Christmas Counts in Nova Scotia
Christmas Bird Counts are the world's longest-running citizen science wildlife survey recruiting tens of thousands of observers in Canada, the US, Latin America, the Caribbean, and some Pacific islands.
In 1900, Frank Chapman, who was the founder of Bird-Lore, (later to become Audubon Magazine), had an idea that instead of doing a hunt to kill as many small animals, including birds as a way of monitoring and understanding, it would be better to arrange teams to count and record simply what they saw instead.

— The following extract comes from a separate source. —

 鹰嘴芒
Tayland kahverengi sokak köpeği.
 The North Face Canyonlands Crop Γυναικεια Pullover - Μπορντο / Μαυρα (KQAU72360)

This idea, with its humble beginning now involves over 60,000 people per year and is growing.
Each count area forms a circle 24km in diameter with most compilers centering them so as to cover as many habitats as possible and is always held on a single 24 hour day between from December 14 to January 5. Usually the compiler assigns areas to each party of expert and beginner birders to tally all birds seen, regardless of the species. Each count also encourages people with backyard bird feeders to keep track of the birds coming and going on that day. Whether you are in the field counting or watching from the kitchen window, your information is then gathered by the compiler and submitted to The National Audubon Society and added to the enormous database.

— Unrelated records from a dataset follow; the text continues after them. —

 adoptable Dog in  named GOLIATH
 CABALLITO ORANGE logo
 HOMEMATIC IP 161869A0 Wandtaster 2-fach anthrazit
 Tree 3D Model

The information gathered is an invaluable resource that allows us to show trends of bird populations by species and with over a century of counting there are lots of trends to follow. The National Audubon Society keeps all historic data for each count area. You can access the database, and read more about The Christmas Bird Counts by visiting this link. www.christmasbirdcount.org
Nova Scotia CBC's
The very first Christmas Bird Count (CBC) in Nova Scotia was conducted on December 23, 1913 when Harrison F. Lewis and E. Chesley Allen saw twelve species of birds during the first Yarmouth Count. This count was done again in 1914 and 1915 before Robie Tufts joined them by starting the Wolfville CBC. The results of the early counts were published in Bird-Lore, then in the Canadian Field Naturalist and finally in our own Newsletter. You can find our first CBC in the August 1956 Issue of The Nova Scotia Museum of Science Newsletter in the Library/Resource Centre of our Website.
Today, Nova Scotia boasts of an average of 32 counts per year and between those in the field and those counting birds in their backyard, we have over 1,500 people taking part. The illustration below shows the areas that traditional counts take place in the province with contact information for each compiler. We have a total species list over time of 287 different species as well as several sub-species/races.

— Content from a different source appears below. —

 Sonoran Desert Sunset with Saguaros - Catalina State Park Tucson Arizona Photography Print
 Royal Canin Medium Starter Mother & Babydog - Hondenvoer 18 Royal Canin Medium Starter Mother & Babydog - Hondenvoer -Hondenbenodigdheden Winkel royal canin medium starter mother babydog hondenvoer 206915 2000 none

The Nova Scotia Bird Society publishes the yearly results in our magazine, Nova Scotia Birds and usually in the Spring edition. It also maintains a separate database for only CBC's that are done in this province in order to capture any CBC's that may not have submitted results to The National Audubon Society.
If you are interested at all in birds, want a bit of fresh air, something the family can all do, be part of a wonderful social event and contribute to the knowledge of birds in Nova Scotia and North America, this is definitely something for you!
Should you wish to start a Christmas Bird Count in your area we can help you get started. If you want to experience the enjoyment of participating in a Christmas Count near you, check the map below, click on a area you wish to take part and contact the compiler that is listed. NOTE: The circles are the size of the ones used for Christmas bird counts, the locations are approximate.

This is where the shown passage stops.